> DATASET
◇ ◇ ◇ ◇

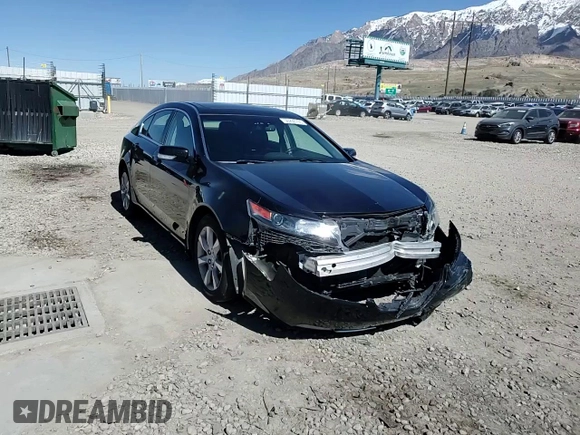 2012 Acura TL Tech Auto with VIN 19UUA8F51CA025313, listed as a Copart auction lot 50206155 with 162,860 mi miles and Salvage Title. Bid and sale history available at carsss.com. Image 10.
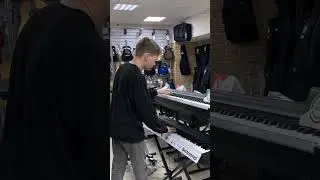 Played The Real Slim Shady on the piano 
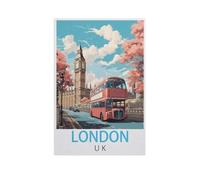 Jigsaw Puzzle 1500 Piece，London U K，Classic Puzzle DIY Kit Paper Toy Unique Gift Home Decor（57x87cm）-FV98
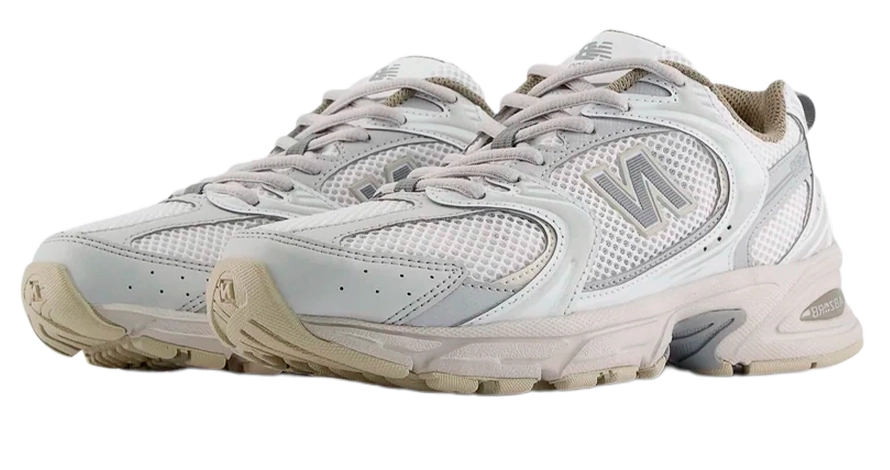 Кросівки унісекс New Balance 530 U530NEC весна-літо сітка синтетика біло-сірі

◇ ◇ ◇ ◇

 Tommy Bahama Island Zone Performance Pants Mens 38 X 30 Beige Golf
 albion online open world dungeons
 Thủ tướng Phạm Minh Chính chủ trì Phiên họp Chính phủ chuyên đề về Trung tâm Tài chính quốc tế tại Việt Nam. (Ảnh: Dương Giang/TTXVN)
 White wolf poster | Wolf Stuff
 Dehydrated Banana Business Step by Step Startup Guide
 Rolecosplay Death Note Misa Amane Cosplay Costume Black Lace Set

◇ ◇ ◇ ◇

> WORK ORDER
In the records above, find the line with "albion online open world dungeons"; write out exactly that line and each one after it, stopping after the line with "Rolecosplay Death Note".

> ANSWER SECTION
 albion online open world dungeons
 Thủ tướng Phạm Minh Chính chủ trì Phiên họp Chính phủ chuyên đề về Trung tâm Tài chính quốc tế tại Việt Nam. (Ảnh: Dương Giang/TTXVN)
 White wolf poster | Wolf Stuff
 Dehydrated Banana Business Step by Step Startup Guide
 Rolecosplay Death Note Misa Amane Cosplay Costume Black Lace Set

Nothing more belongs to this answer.